## Short web captions
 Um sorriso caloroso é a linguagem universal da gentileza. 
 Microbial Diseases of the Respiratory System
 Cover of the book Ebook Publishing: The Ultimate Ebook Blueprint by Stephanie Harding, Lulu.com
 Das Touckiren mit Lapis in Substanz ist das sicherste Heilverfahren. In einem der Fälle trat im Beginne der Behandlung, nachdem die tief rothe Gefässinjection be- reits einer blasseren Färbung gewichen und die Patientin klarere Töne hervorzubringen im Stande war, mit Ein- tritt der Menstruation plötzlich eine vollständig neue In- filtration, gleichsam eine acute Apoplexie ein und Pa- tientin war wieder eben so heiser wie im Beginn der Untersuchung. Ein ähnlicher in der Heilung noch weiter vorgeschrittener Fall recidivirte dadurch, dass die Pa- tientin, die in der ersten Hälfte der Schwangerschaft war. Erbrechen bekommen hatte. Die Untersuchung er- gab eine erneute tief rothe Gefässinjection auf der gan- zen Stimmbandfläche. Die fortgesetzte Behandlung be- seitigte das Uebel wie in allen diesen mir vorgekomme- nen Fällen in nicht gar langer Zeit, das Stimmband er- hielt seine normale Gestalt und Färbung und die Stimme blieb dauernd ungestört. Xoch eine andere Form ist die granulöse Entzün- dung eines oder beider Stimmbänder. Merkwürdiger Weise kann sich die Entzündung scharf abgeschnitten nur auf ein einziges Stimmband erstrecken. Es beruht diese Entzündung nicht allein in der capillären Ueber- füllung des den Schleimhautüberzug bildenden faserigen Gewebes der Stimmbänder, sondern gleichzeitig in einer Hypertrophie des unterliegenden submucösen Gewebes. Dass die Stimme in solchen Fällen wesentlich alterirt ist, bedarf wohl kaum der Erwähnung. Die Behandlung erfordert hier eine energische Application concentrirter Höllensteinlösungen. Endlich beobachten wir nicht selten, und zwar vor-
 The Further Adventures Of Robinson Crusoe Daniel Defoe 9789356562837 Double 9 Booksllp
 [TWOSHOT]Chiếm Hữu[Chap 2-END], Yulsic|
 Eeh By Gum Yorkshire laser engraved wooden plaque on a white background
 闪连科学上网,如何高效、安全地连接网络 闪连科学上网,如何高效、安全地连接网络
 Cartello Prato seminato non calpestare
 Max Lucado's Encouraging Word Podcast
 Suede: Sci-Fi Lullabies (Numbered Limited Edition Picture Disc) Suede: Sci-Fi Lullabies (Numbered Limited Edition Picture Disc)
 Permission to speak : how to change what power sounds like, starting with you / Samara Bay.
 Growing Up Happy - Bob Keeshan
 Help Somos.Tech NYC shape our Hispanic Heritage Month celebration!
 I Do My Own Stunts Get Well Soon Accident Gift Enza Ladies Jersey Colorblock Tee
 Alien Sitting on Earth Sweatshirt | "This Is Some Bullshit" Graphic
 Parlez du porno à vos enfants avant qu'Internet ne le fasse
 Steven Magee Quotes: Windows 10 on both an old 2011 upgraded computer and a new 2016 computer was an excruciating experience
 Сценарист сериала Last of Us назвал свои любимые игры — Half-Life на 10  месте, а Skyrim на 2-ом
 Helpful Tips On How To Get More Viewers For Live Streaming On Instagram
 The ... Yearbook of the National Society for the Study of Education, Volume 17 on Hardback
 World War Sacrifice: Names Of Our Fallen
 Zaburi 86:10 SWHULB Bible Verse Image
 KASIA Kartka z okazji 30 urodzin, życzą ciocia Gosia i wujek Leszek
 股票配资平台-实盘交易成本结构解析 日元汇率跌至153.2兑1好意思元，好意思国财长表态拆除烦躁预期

## Exercise goal
For this exercise, copy the lines from the one that contains "World War Sacrifice: Names Of Our Fallen" through the last line of the records, exactly and only those.

## Written answer
 World War Sacrifice: Names Of Our Fallen
 Zaburi 86:10 SWHULB Bible Verse Image
 KASIA Kartka z okazji 30 urodzin, życzą ciocia Gosia i wujek Leszek
 股票配资平台-实盘交易成本结构解析 日元汇率跌至153.2兑1好意思元，好意思国财长表态拆除烦躁预期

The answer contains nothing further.